Chose promise, chose due, et il était permis de s'y attendre: dans l'esprit du challenge "Littérature belge" de Reka, je lance le Défi "littérature suisse"! Le principe est simple, comme à l'accoutumée: les participants s'engagent à lire, durant toute l'année 2012, au moins un livre écrit par un écrivain suisse - d'expression française, allemande, italienne voire romanche, peu importe. Poésie, théâtre ou roman, le genre littéraire n'importe pas non plus!

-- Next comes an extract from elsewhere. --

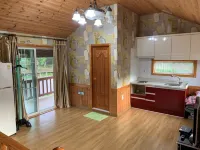 Cheonan Seonggeohosu Pension - キッチン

Enfin, ce qui importe, c'est bien la "suissité" de l'écrivain, indépendamment de son lieu d'édition: même si Noëlle Revaz a par exemple trouvé un éditeur à Paris, il est possible de lire ses romans dans le cadre de ce contexte parce qu'elle est bien suisse.

 

S'il y a une limite inférieure d'un seul livre, il n'y a pas de plafond! N'hésitez donc pas à lire autant d'ouvrages que vous le souhaitez dans le cadre de ce défi: si le pays est petit, sa littérature est vaste. Je vous souhaite donc de bonnes lectures, riches en découvertes - n'hésitez pas à aller plus loin que les classiques, tels que Jacques Chessex, Martin Suter, Jean-Jacques Rousseau ou Peter Stamm. Il est par ailleurs tout à fait admissible de combiner le Défi suisse avec d'autres défis, par exemple le Défi des Mille (pour les courageux qui souhaiteraient s'atteler à la lecture des 17000 pages du "Journal intime" de l'auteur genevois Henri-Frédéric Amiel, par exemple), puisque les deux défis vont coexister durant un an.

 

Alors, bienvenue en Suisse! Le Défi suisse sera clôturé au 31 décembre 2012. Veuillez inscrire vos participations au-dessous du présent billet; je relaierai, comme d'habitude.   

 

P.-S.: je cherche encore une idée de logo convaincante...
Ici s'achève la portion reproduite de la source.